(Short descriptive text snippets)
:::::

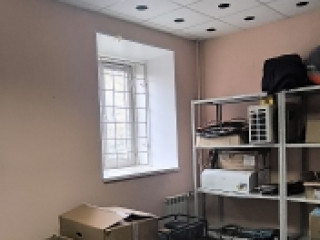 Фотография Продажа помещения свободного назначения, 809 м² , улица Энергетиков 8 №10 Фотография Продажа помещения свободного назначения, 809 м² , улица Энергетиков 8 №10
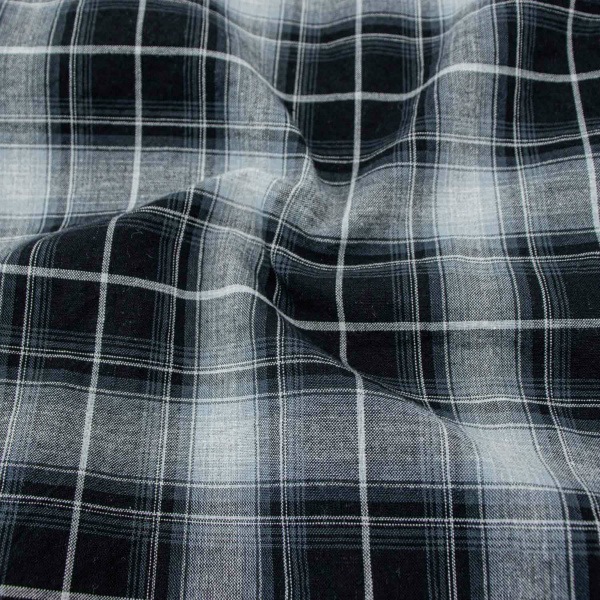 ֥å ܥ󥷥 SL130024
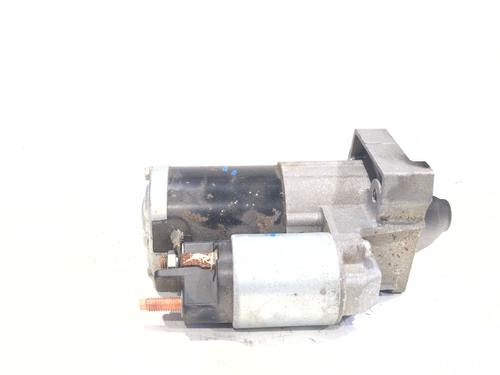 Used Starter Starter 39240702 39240702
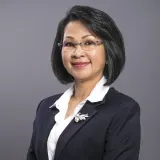 Khieu Mealy, Corporate Lawyer in Cambodia, SokSiphana &associates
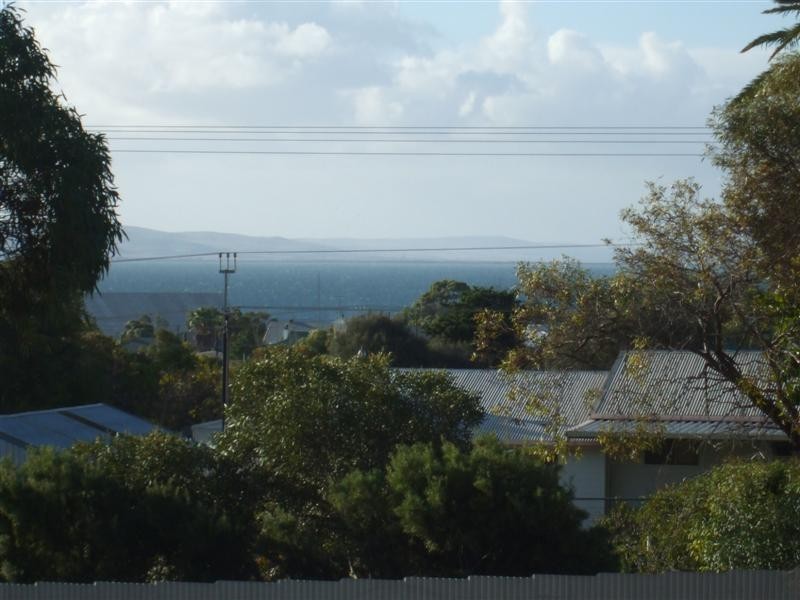 42 Eltham Ave, Port Lincoln SA 5606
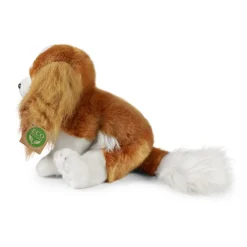 Rappa Eco Friendly Cavalierkingcharlesinspanieli Pehmolelu 28 cm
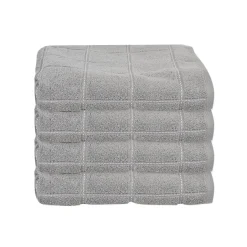 Lauren Taylor - Midnight Blue | Hand Towels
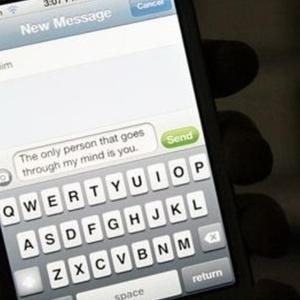 eres tú (feat. coldspades & victxrw)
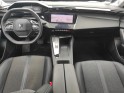 Peugeot 308 sw puretech 130 ch  eat8 allure pack , garantie 12 mois occasion simplicicar reims simplicicar simplicibike france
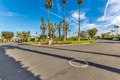 Additional image 25 of 28 Calle Encinitas, Rancho Mirage, CA, 92270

:::::

◆ How to complete this task ◆
From the opening line of the entries above to the line containing "Khieu Mealy, Corporate", please transcribe each line exactly, skipping every picture.

◆ Exercise result ◆
 Фотография Продажа помещения свободного назначения, 809 м² , улица Энергетиков 8 №10 Фотография Продажа помещения свободного назначения, 809 м² , улица Энергетиков 8 №10
 ֥å ܥ󥷥 SL130024
 Used Starter Starter 39240702 39240702
 Khieu Mealy, Corporate Lawyer in Cambodia, SokSiphana &associates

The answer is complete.